• **Assigned task**: For the entries that appear below, write out the exact text and omit the pictures.

_ _ _ _ _ _ _

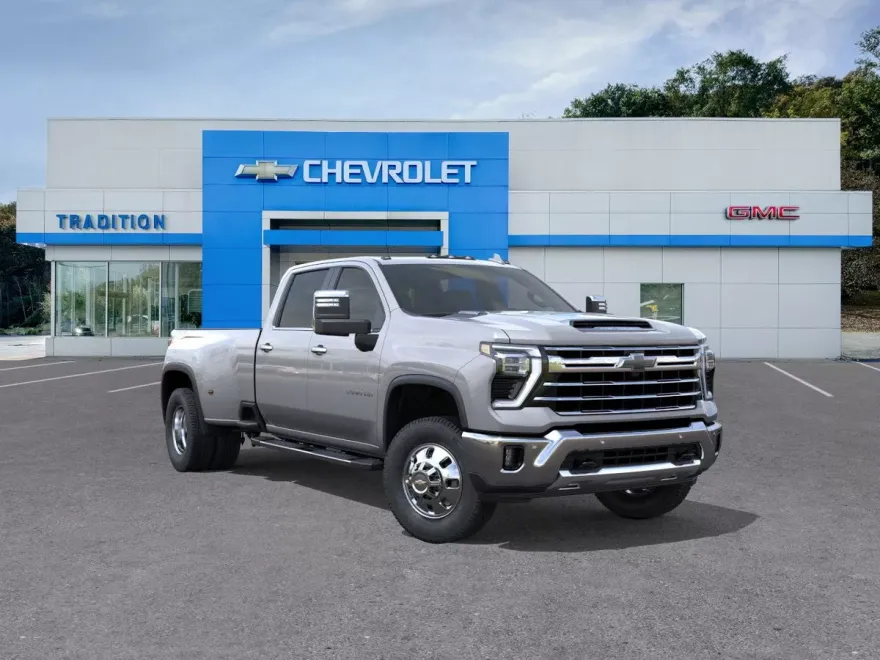 2025 Chevrolet Silverado 3500HD LTZ photo 1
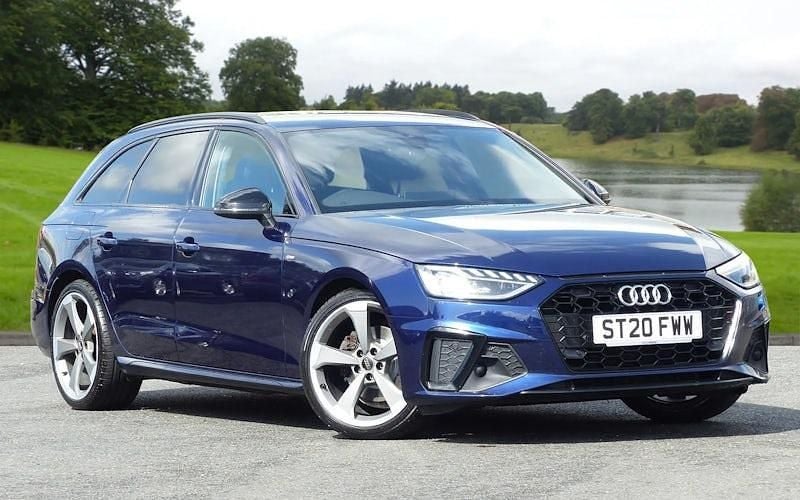 Used 2025 Audi A4 Black Edition Estate | £24,999 (Good price) - Image 1/4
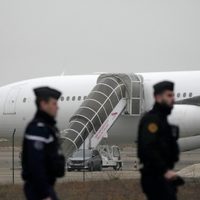Aterriza en India el avión inmovilizado varios días en Francia por presunto tráfico de personas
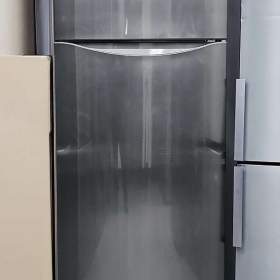 Lednice s mrazákem Ariston HOT POINT - NO FROST, objem 450 litrů / 19950284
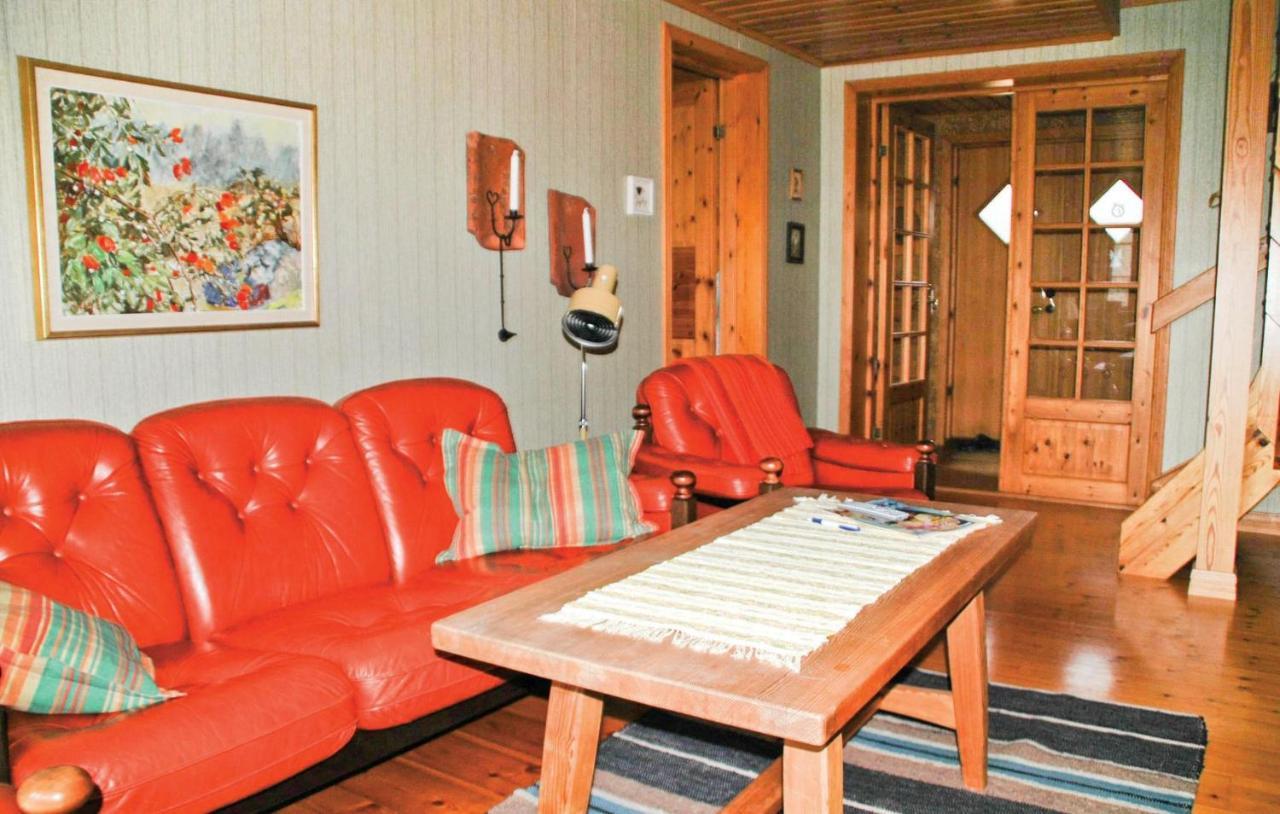 Cozy Home In Uddevalla With Wifi Haljebol Bagian luar foto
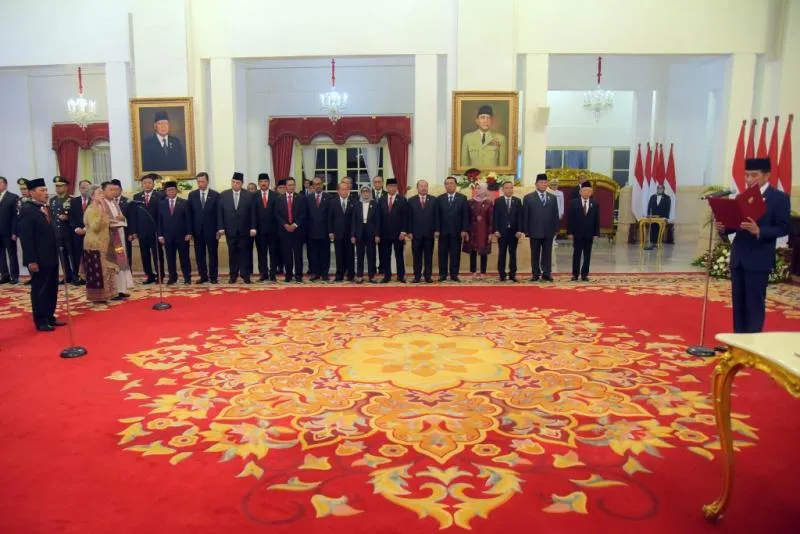 Resmi, Jokowi Lantik Sembilan Komisi Kejaksaan RI Periode 2024-2028. (setkab.go.id).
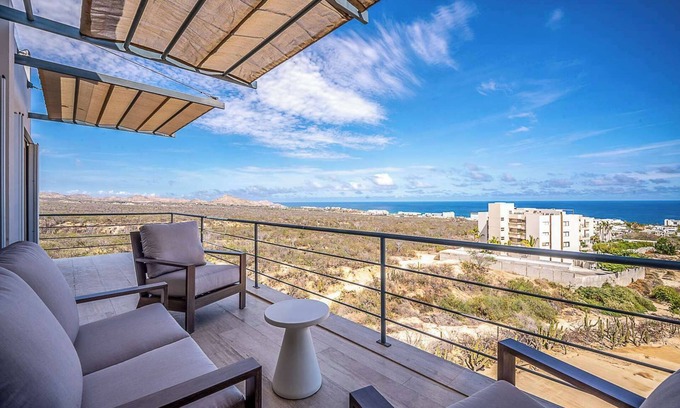 Cabo San Lucas Apartment | 3BR Penthouse/private rooftop with plunge pool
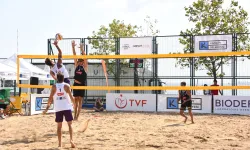 KALAMIŞ'TA PLAJ VOLEYBOLU HEYECANI BAŞLIYOR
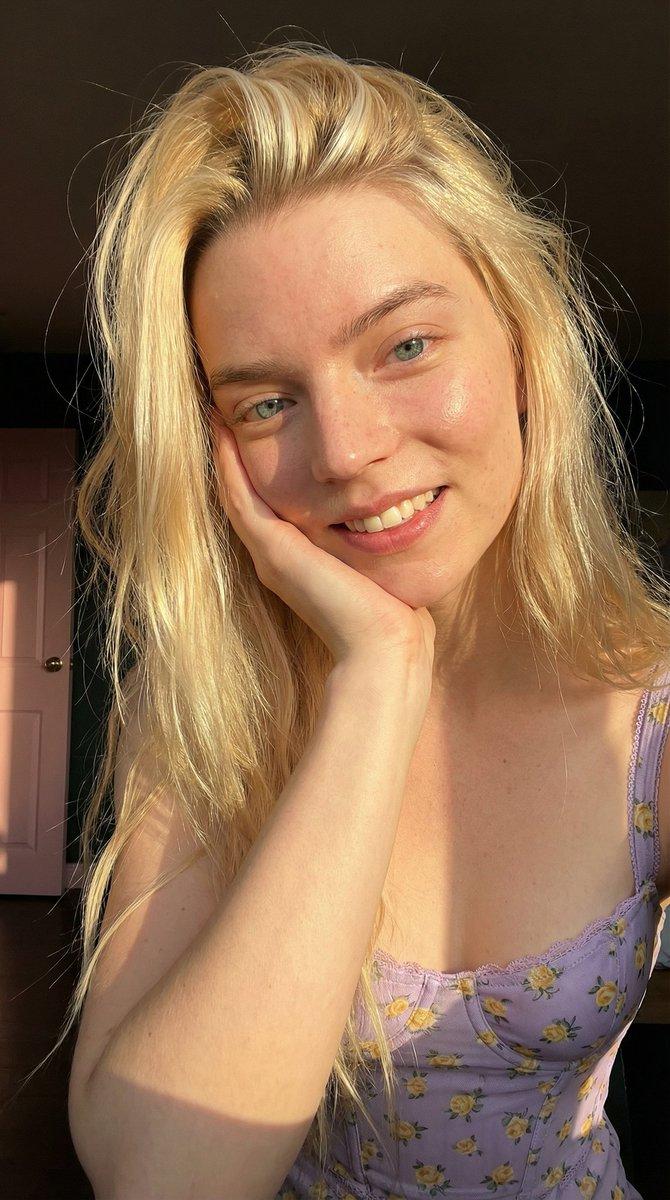 安雅·泰勒-乔伊 (Anya Taylor-Joy) 的阳光金色时刻肖像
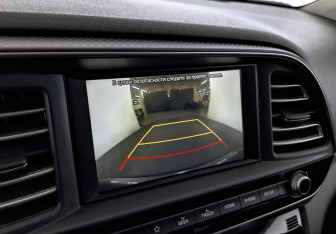 Подержанный автомобиль Hyundai Elantra Sedan 2019 года (28 фото)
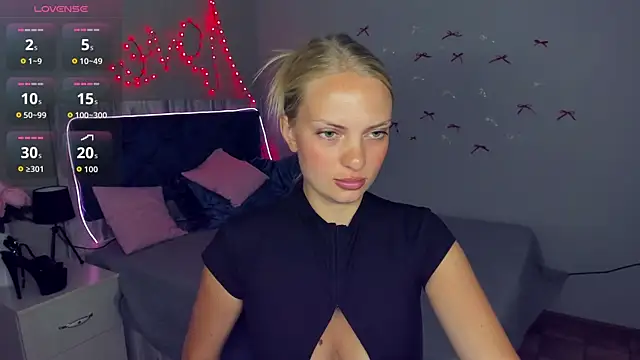 NancyGlamour online show from July 17, 2026, 10:11 am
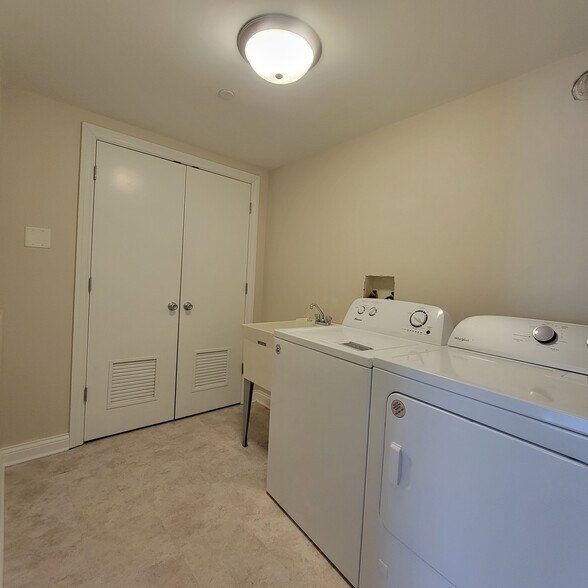 More Photos Of 7250 W 157th St, Orland Park Apartments For Sale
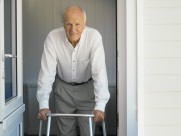 老人生活和关怀图片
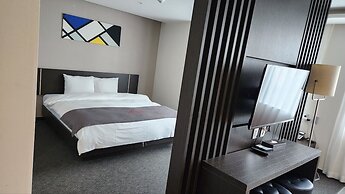 Yongin Central CO'OP Hotel
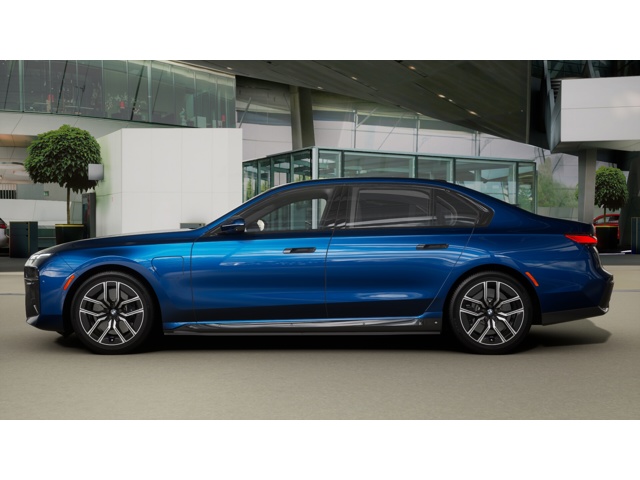 2026 Bmw 750e photo 4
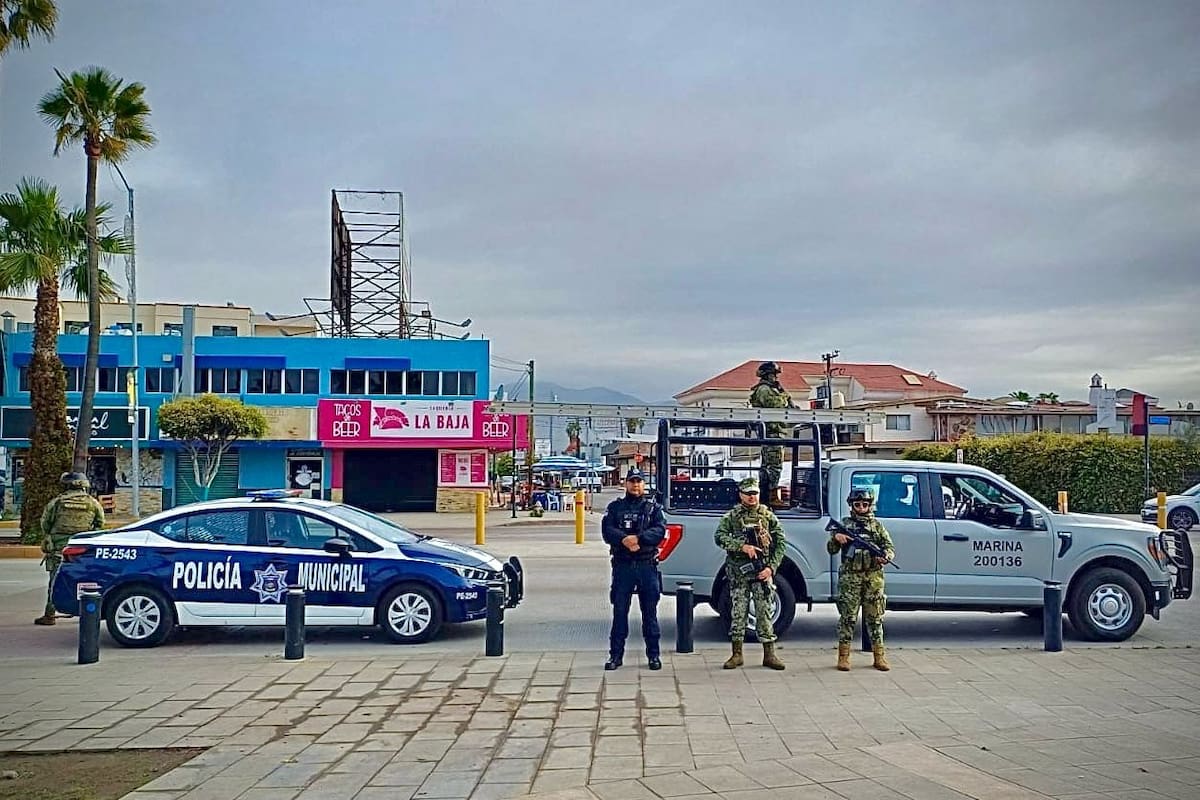 Autoridades retiran cámaras de videovigilancia irregulares en la vía pública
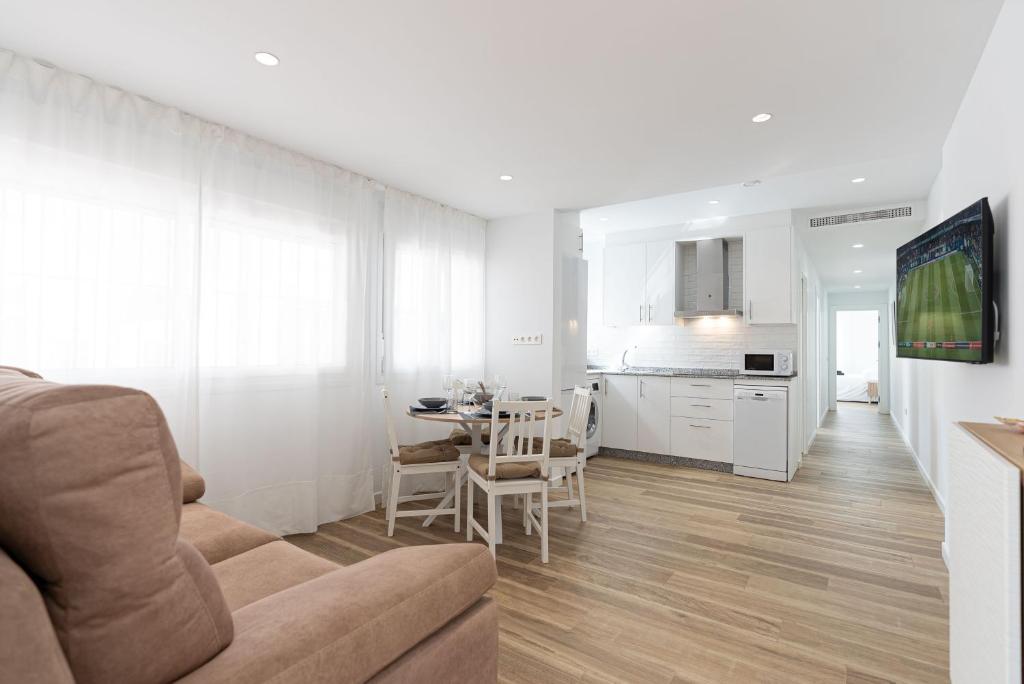 SOLGUEST Aparthotel Estepona - 1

_ _ _ _ _ _ _

• **Answer space**:
 2025 Chevrolet Silverado 3500HD LTZ photo 1
 Used 2025 Audi A4 Black Edition Estate | £24,999 (Good price) - Image 1/4
Aterriza en India el avión inmovilizado varios días en Francia por presunto tráfico de personas
 Lednice s mrazákem Ariston HOT POINT - NO FROST, objem 450 litrů / 19950284
 Cozy Home In Uddevalla With Wifi Haljebol Bagian luar foto
 Resmi, Jokowi Lantik Sembilan Komisi Kejaksaan RI Periode 2024-2028. (setkab.go.id).
 Cabo San Lucas Apartment | 3BR Penthouse/private rooftop with plunge pool
 KALAMIŞ'TA PLAJ VOLEYBOLU HEYECANI BAŞLIYOR
 安雅·泰勒-乔伊 (Anya Taylor-Joy) 的阳光金色时刻肖像
 Подержанный автомобиль Hyundai Elantra Sedan 2019 года (28 фото)
 NancyGlamour online show from July 17, 2026, 10:11 am
 More Photos Of 7250 W 157th St, Orland Park Apartments For Sale
 老人生活和关怀图片
 Yongin Central CO'OP Hotel
 2026 Bmw 750e photo 4
 Autoridades retiran cámaras de videovigilancia irregulares en la vía pública
 SOLGUEST Aparthotel Estepona - 1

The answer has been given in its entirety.